4. Test the loss function.
As we do for the layers, you need to test the loss functions too. You need to check input/output tensor shapes,
expected output values for a given input tensor. For instance, certain loss functions have upper and lower limits and
it is a wise practice to test with the inputs that should produce these limits.
5. Implement `MyModel`.
In 🐸TTS, a model class is a self-sufficient implementation of a model directing all the interactions with the other
components. It is enough to implement the API provided by the `BaseModel` class to comply.
A model interacts with the `Trainer API` for training, `Synthesizer API` for inference and testing.
A 🐸TTS model must return a dictionary by the `forward()` and `inference()` functions. This dictionary must `model_outputs` key that is considered as the main model output by the `Trainer` and `Synthesizer`.
You can place your `tts` model implementation under `TTS/tts/models/new_model.py` then inherit and implement the `BaseTTS`.
There is also the `callback` interface by which you can manipulate both the model and the `Trainer` states. Callbacks give you
an infinite flexibility to add custom behaviours for your model and training routines.
For more details, see {ref}`BaseTTS <Base tts Model>` and :obj:`TTS.utils.callbacks`.
6. Optionally, define `MyModelArgs`.
`MyModelArgs` is a 👨✈️Coqpit class that sets all the class arguments of the `MyModel`. `MyModelArgs` must have
all the fields necessary to instantiate the `MyModel`. However, for training, you need to pass `MyModelConfig` to
the model.
7. Test `MyModel`.
As the layers and the loss functions, it is recommended to test your model. One smart way for testing is that you
create two models with the exact same weights. Then we run a training loop with one of these models and
compare the weights with the other model. All the weights need to be different in a passing test. Otherwise, it
is likely that a part of the model is malfunctioning or not even attached to the model's computational graph.
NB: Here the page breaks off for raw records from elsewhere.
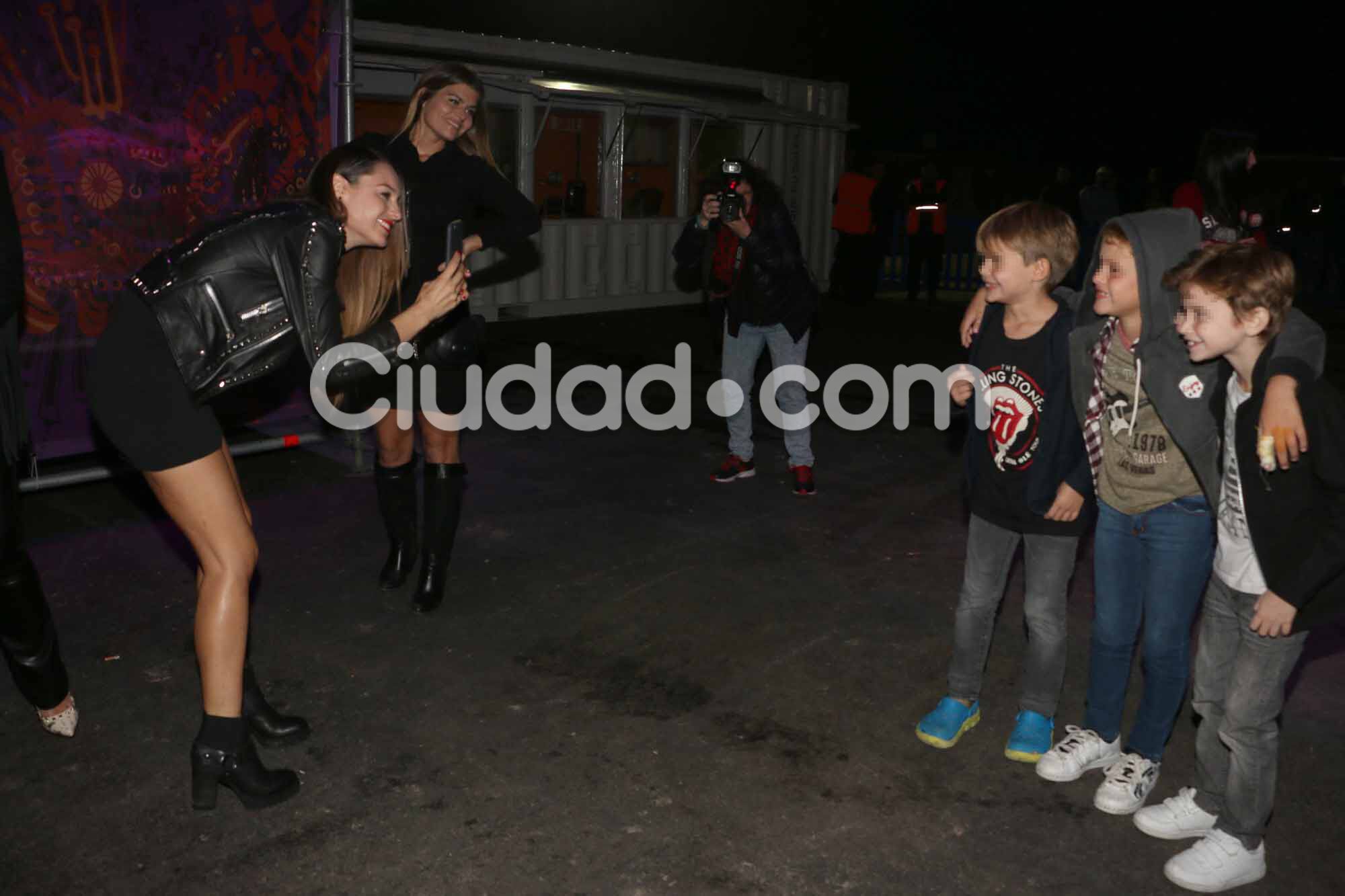 Pampita se divirtió con su hijo y un grupo de amigos (Fotos: Movilpress). 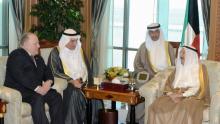 Recibe Emir de Kuwait a embajador cubano con motivo de su fin de misión 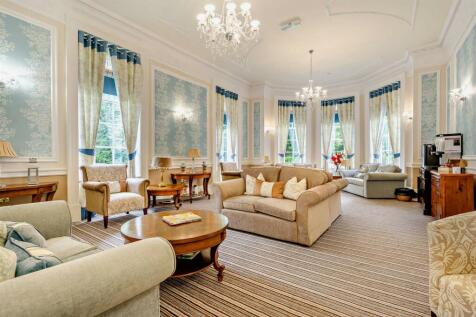 Homeowners Lounge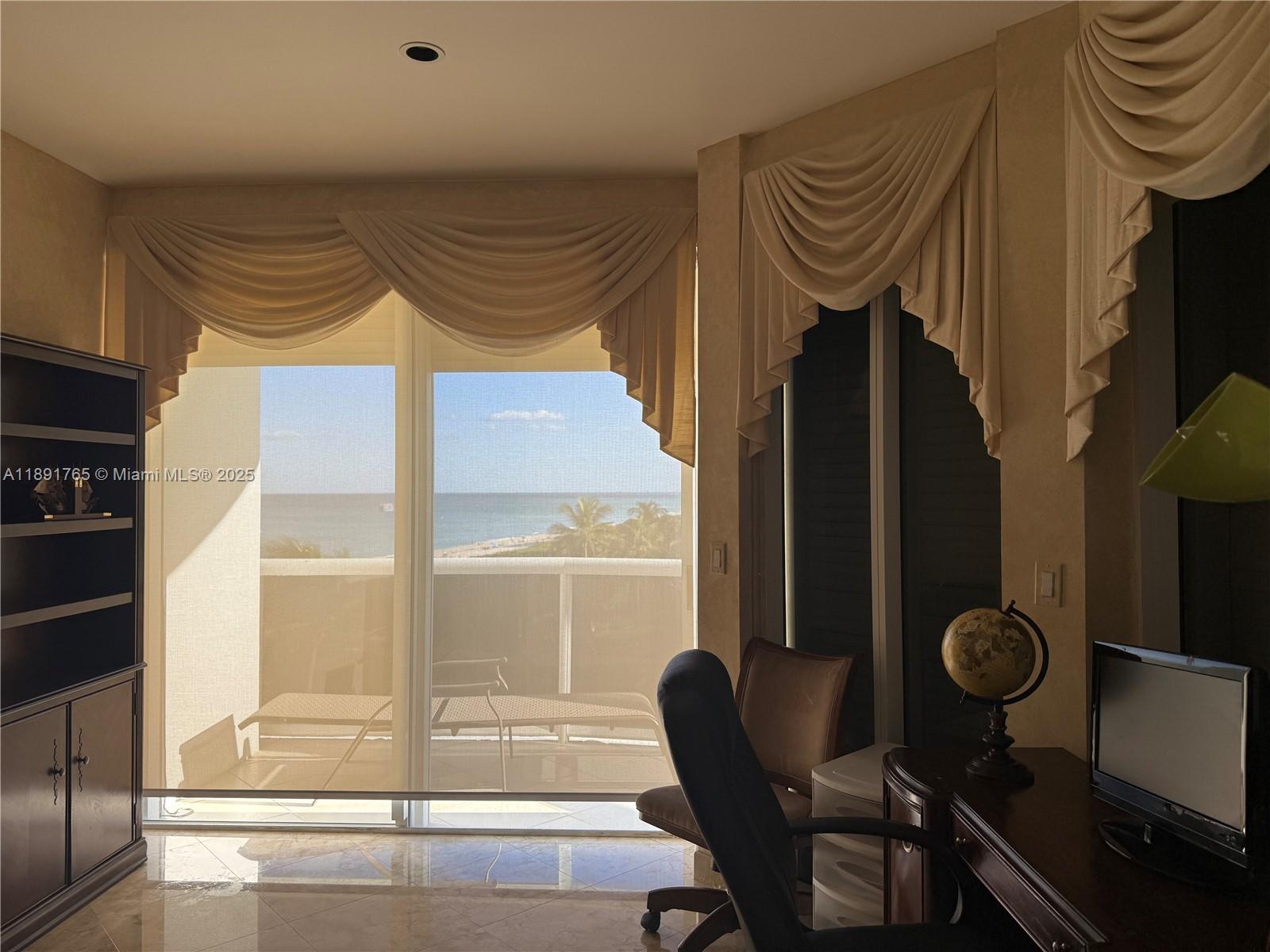 MAJESTIC TOWER - Residential Lease
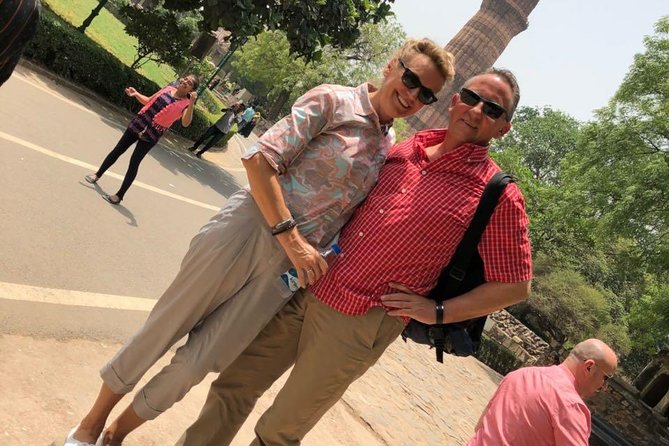 Private Old and New Delhi Tour in 8 Hours With Entrances and Lunch - Raj Ghat and photo moments that connect past to present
8. Define `MyModelConfig`.
Place `MyModelConfig` file under `TTS/models/configs`. It is enough to inherit the `BaseTTSConfig` to make your
config compatible with the `Trainer`. You should also include `MyModelArgs` as a field if defined. The rest of the fields should define the model
specific values and parameters.
9. Write Docstrings.
We love you more when you document your code. ❤️
# Template 🐸TTS Model implementation
You can start implementing your model by copying the following base class.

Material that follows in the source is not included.